モノが受け取った情報をセンサーで感知し、その情報をもとにAWSサービスと連携させられる機能で、情報収集や活用、別のモノへの応用などが可能になります。
またAmazon FreeRTOS(アマゾンフリーアールティーオーエス)ならIoTソリューションの構築も可能です。クラウドやローカルで幅広いデバイスへアクセスできるため、IoTソリューションの構築を実行したい場合におすすめです。
AWSがビジネスに与える影響とは?

AWSを導入し活用することがビジネスに与える影響は、大きく分けると以下の2つです。
- 拡張性(スケーラビリティ)によるリソースの増減
- 俊敏性(アジリティ)による作業時間の短縮
それぞれ詳しく解説します。
拡張性(スケーラビリティ)
AWSを導入することで、必要なリソースを必要に応じて増減することができるようになります。

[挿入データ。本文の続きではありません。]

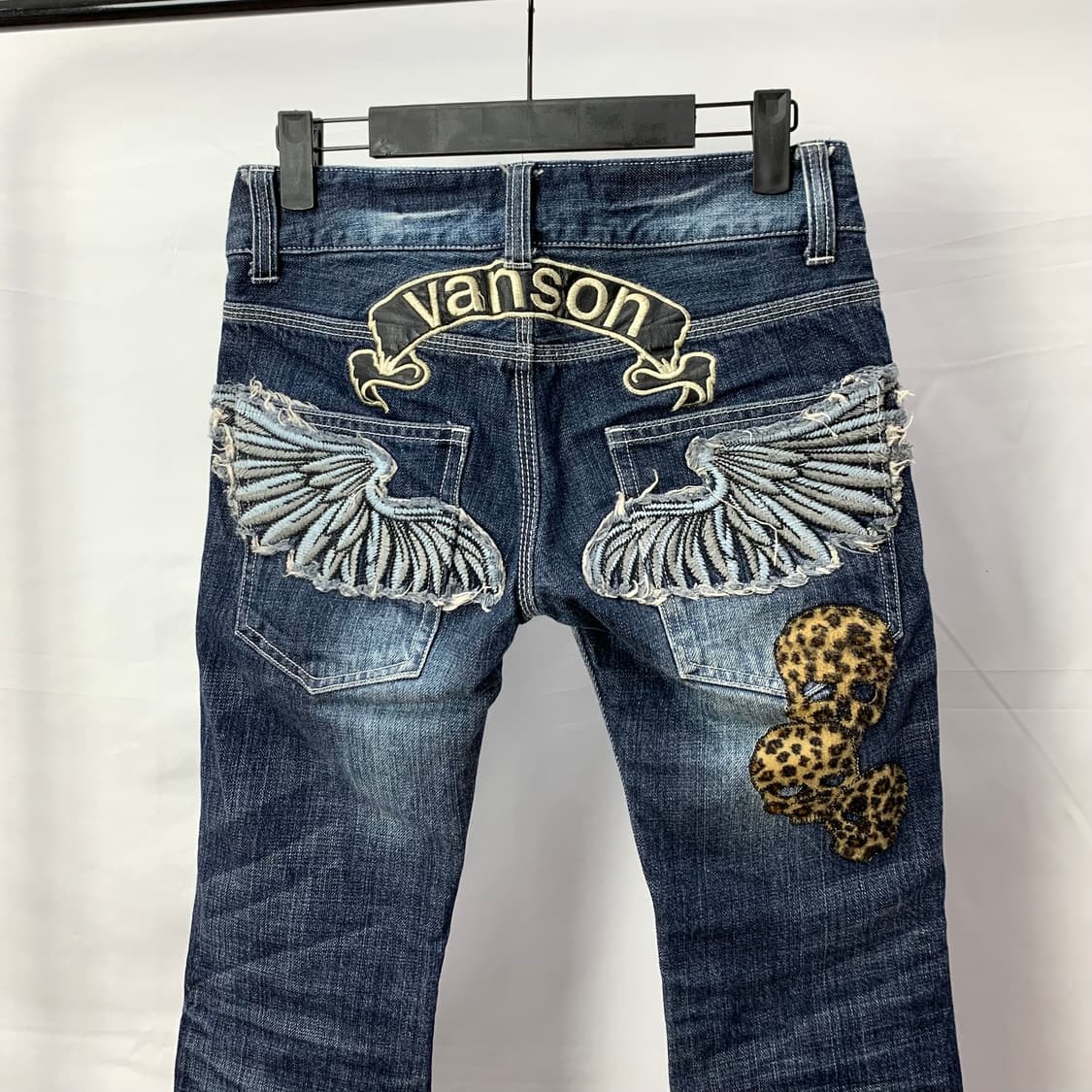 밴슨 레더 플라잉 레오파드 스컬 데님 팬츠 상품이미지1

例えば、ある商品が突然売れ出して完売した際に、すぐに在庫を補充できるようなことが、ITのリソースで再現できます。必要なリソースを適度に増減させることで、効率的に業務を進めることができるでしょう。
俊敏性(アジリティ)
AWSを含むクラウドサービスは、インターネットを始めとするネットワークを使ってサービスを提供しています。
数回のクリックでサーバーを立ち上げ、システム開発や運用を進められることから、高い俊敏性があると言えます。
サーバーを手配する時間などを大幅に短縮できるため、必要なビジネスを素早く立ち上げることが可能です。
AWSの10個の特徴

AWSの大きな特徴は、以下の10個です。
- 使った分だけ料金が発生する従量課金制
- 継続的な値下げでコストを削減できる
- 無料で使える期間がある
- 日本にいながら世界中にシステムを展開できる
- システムの運用保守を全面的にサポートしてくれる
- こまめなアップデートによって常に利便性を高め続けている
- 高いセキュリティ対策で情報を守れる
- 24時間365日対応のサポートがある
- 柔軟性と拡張性が高く自由度が高い
- 高いパフォーマンスと自動更新で安定した継続利用が可能
それぞれ詳しく解説します。
従量課金制
AWSは従量課金制のため、時間当たりの利用量によって料金が変動します。
余分なコストが発生することがないため、利用方法によっては大幅なコスト削減が可能です。
使い方によって料金が変わるため、試験的に導入したりクラウドサービスの利用コストを極力削減したかったりする場合にもおすすめです。
継続的な値下げ
AWSは継続的な値下げをおこなっており、サービスが開始された2006年から2024年にかけて80回以上値下げを実施しています。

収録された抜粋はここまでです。